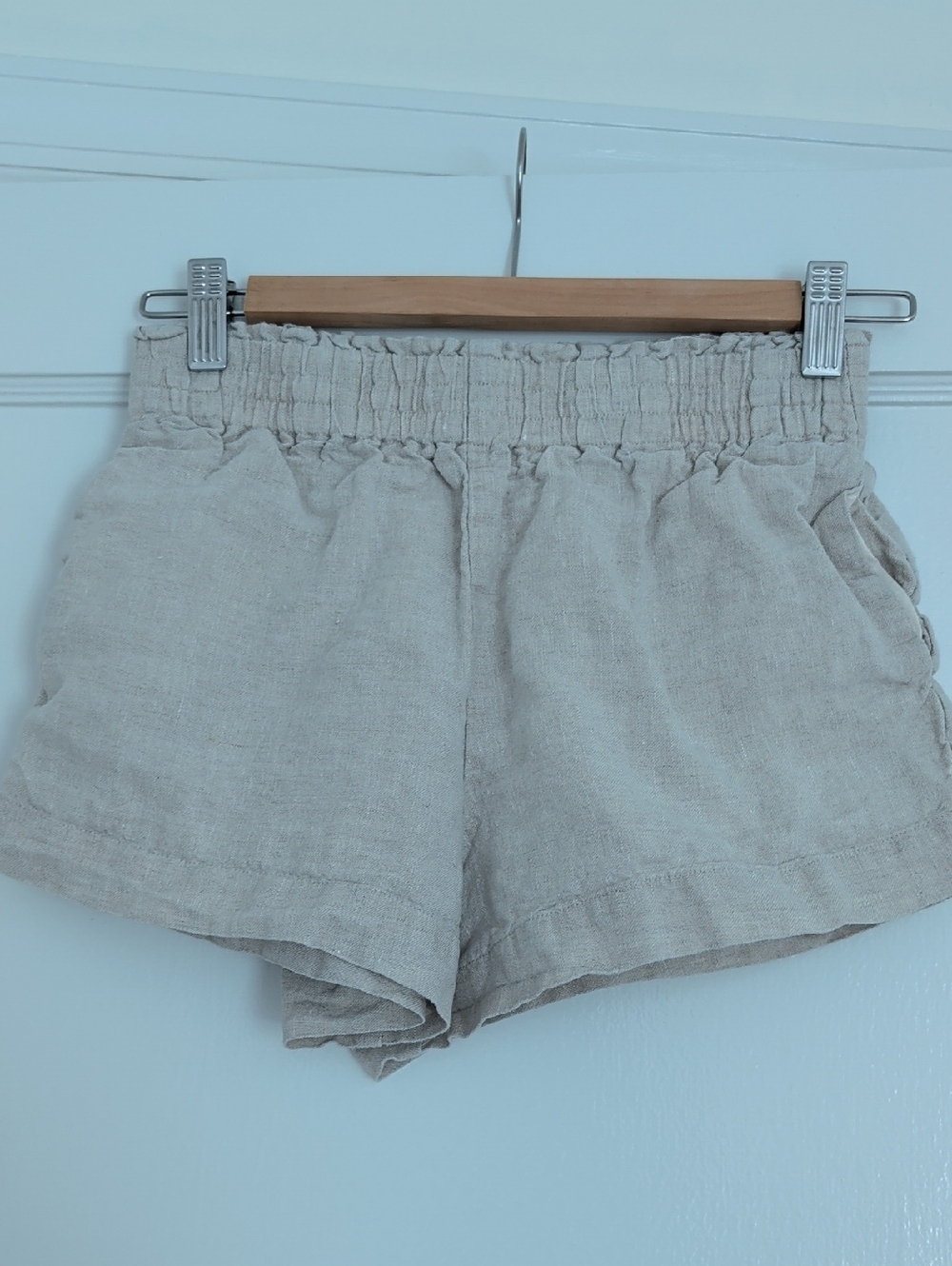 Reformation Mila Linen Shorts in Oatmeal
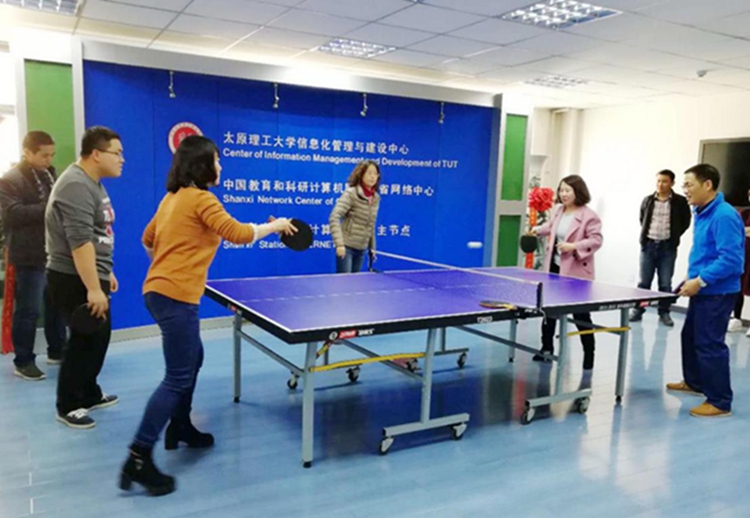 图书信息工会举办“迎三八”活动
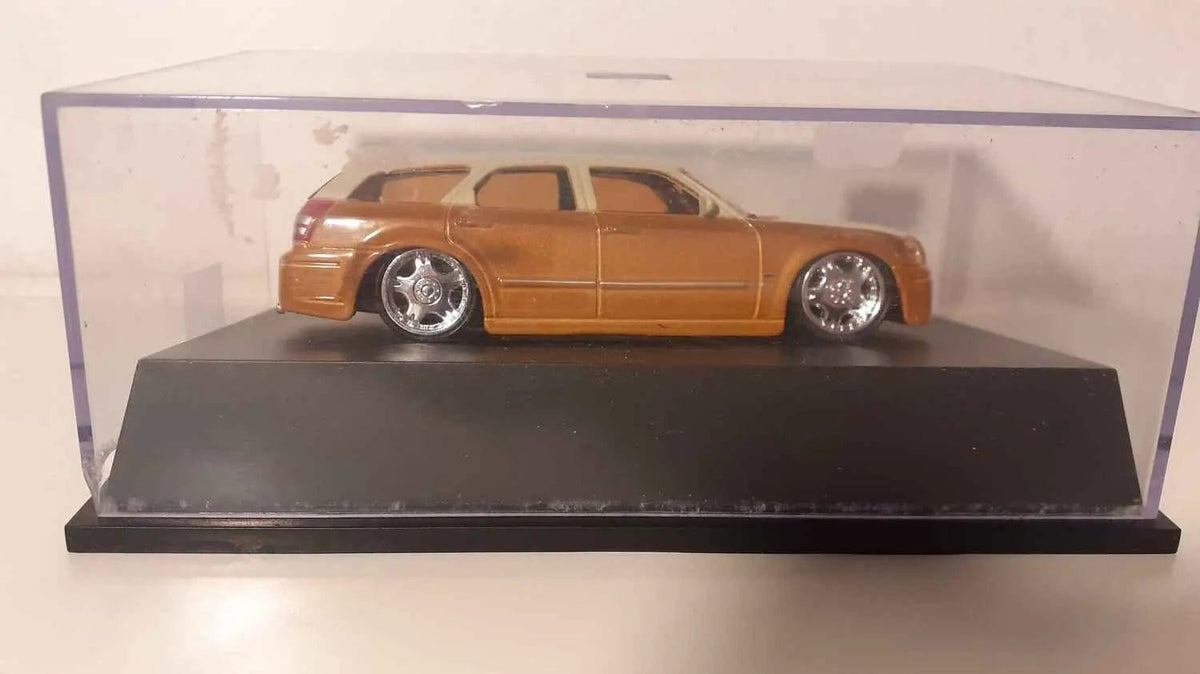 Voiture Miniature Dodge Magnum R/T marron et beige de 2006 - Bernard Miniatures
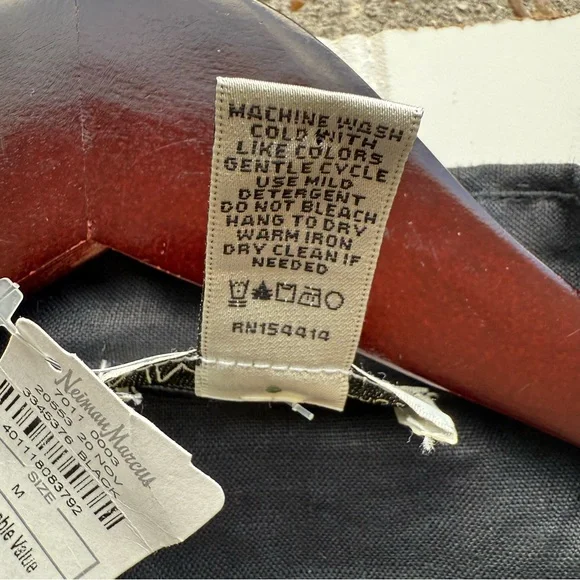 Neiman Marcus Black Linen Blouse - Picture 3 of 5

++++++++++++++++++++

About this exercise:
Output, word for word, the full listing above, with no pictures.

Reply to the task:
 Reformation Mila Linen Shorts in Oatmeal
 图书信息工会举办“迎三八”活动
 Voiture Miniature Dodge Magnum R/T marron et beige de 2006 - Bernard Miniatures
 Neiman Marcus Black Linen Blouse - Picture 3 of 5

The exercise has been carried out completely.